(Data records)
=-=-=
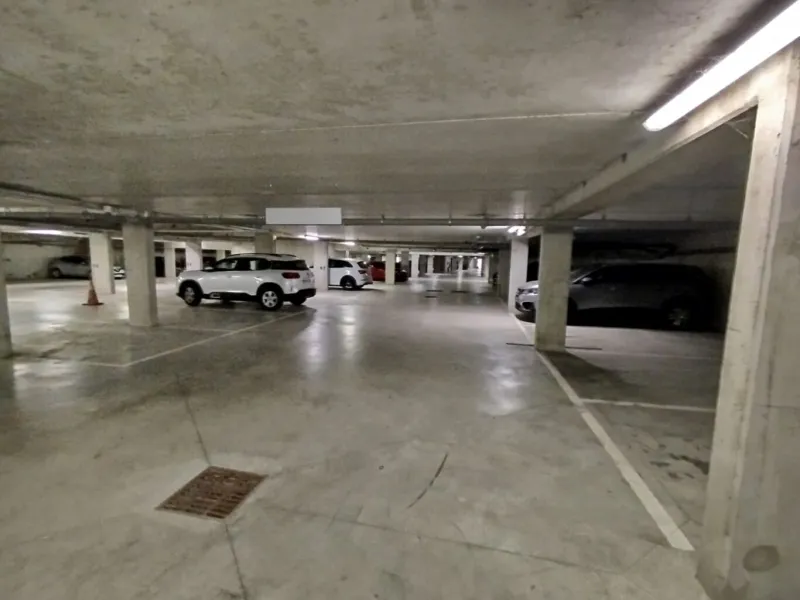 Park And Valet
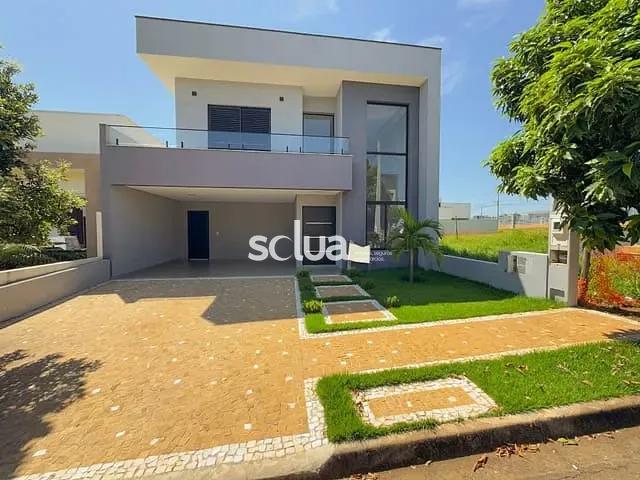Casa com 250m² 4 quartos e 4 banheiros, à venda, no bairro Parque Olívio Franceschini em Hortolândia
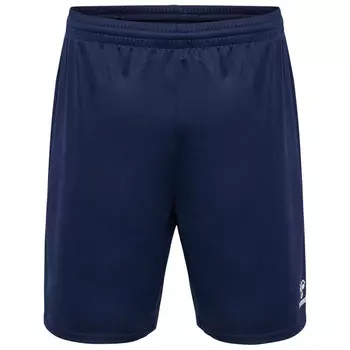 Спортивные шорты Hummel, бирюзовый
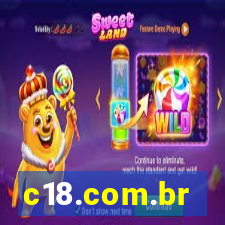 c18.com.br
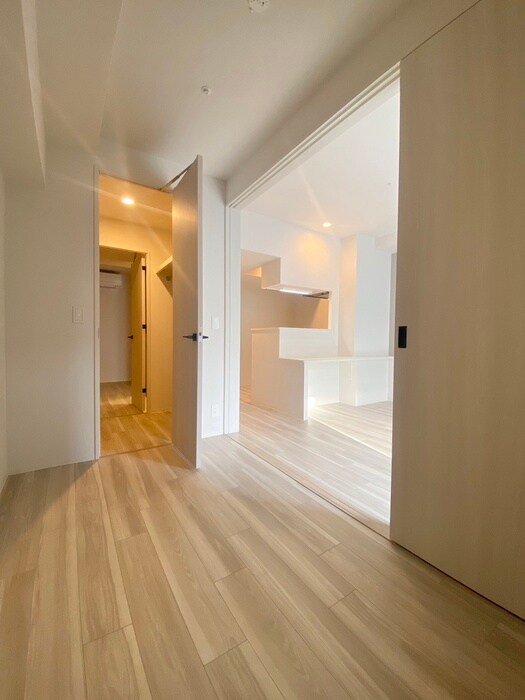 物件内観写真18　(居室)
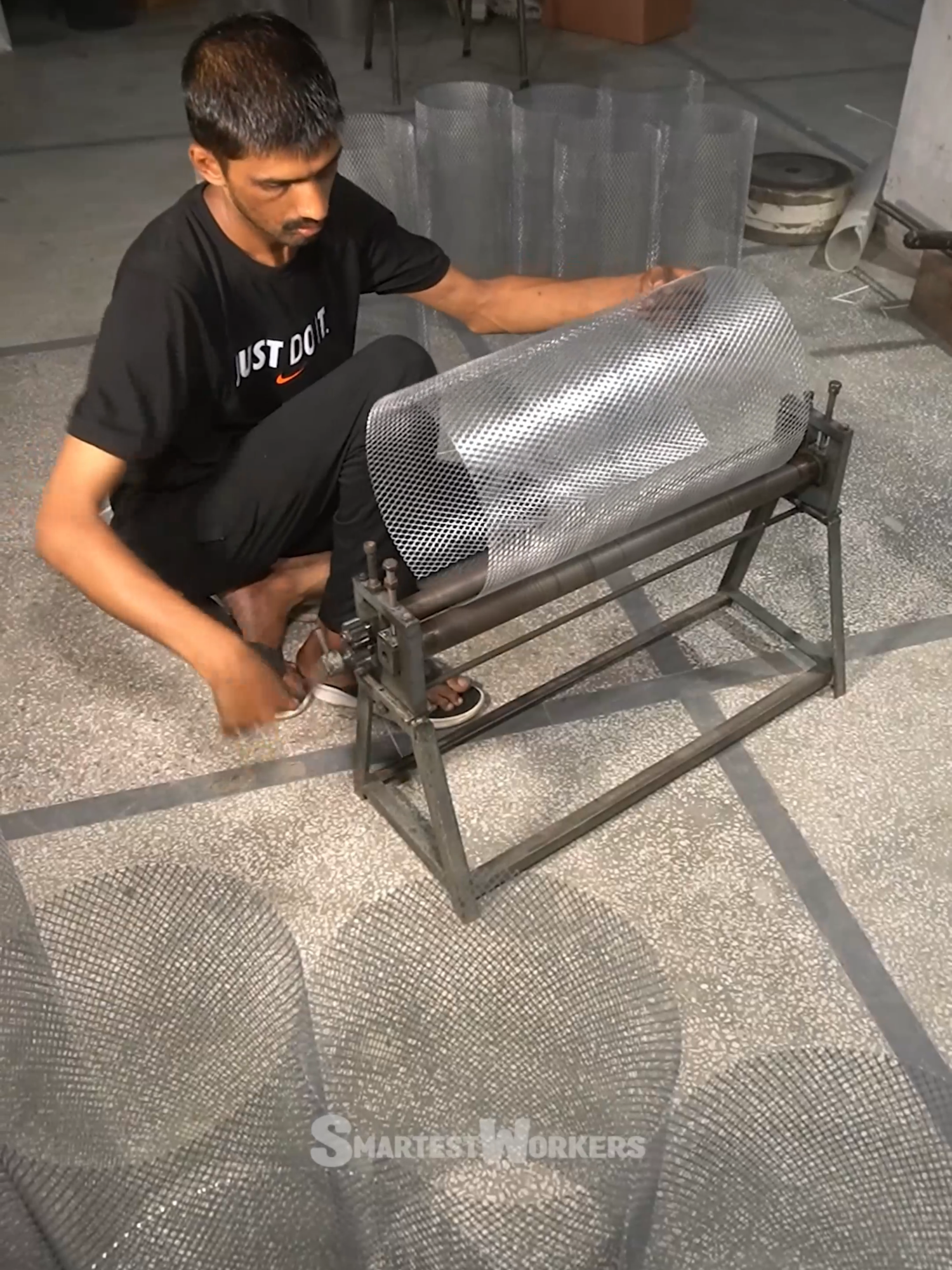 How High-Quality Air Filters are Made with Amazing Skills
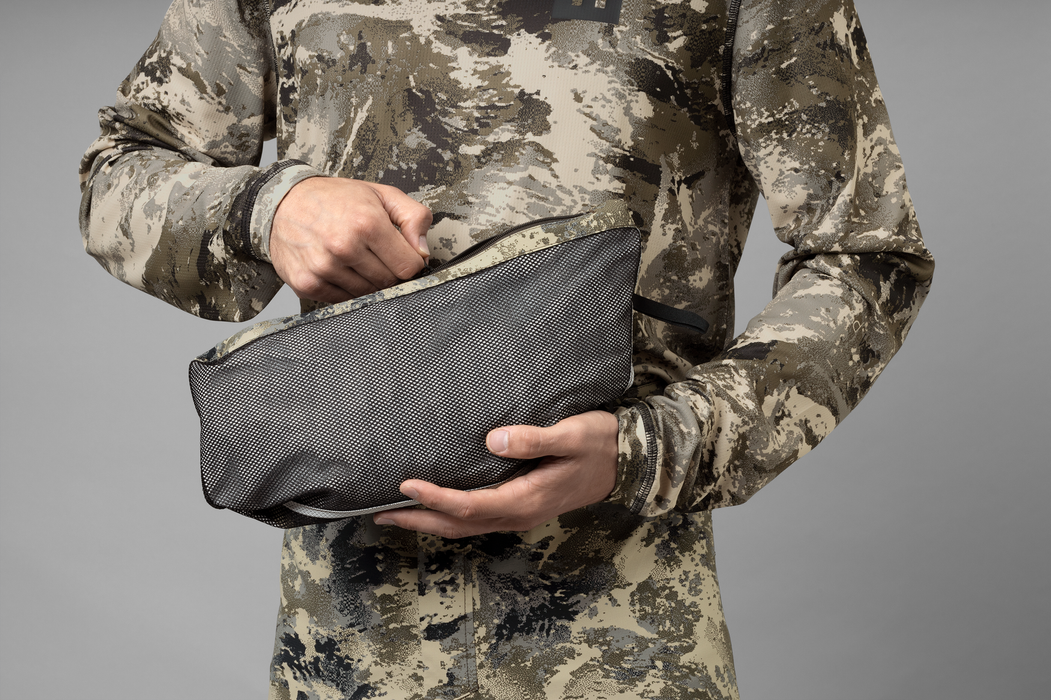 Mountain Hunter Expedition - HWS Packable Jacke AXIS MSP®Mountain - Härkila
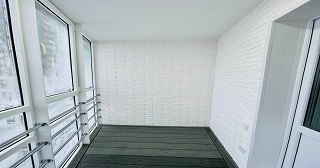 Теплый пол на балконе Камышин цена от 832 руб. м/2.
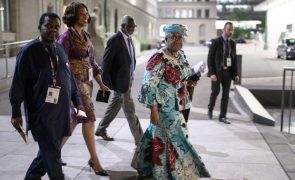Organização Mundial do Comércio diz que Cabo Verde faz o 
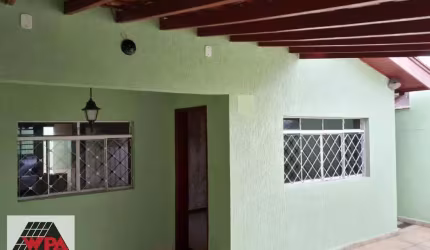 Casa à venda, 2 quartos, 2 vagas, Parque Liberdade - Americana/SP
=-=-=
**PROBLEM STATEMENT:** You need to copy every entry exactly, taking out only the pictures.

**WRITTEN ANSWER:**
 Park And Valet
Casa com 250m² 4 quartos e 4 banheiros, à venda, no bairro Parque Olívio Franceschini em Hortolândia
 Спортивные шорты Hummel, бирюзовый
 c18.com.br
 物件内観写真18　(居室)
 How High-Quality Air Filters are Made with Amazing Skills
 Mountain Hunter Expedition - HWS Packable Jacke AXIS MSP®Mountain - Härkila
 Теплый пол на балконе Камышин цена от 832 руб. м/2.
Organização Mundial do Comércio diz que Cabo Verde faz o 
 Casa à venda, 2 quartos, 2 vagas, Parque Liberdade - Americana/SP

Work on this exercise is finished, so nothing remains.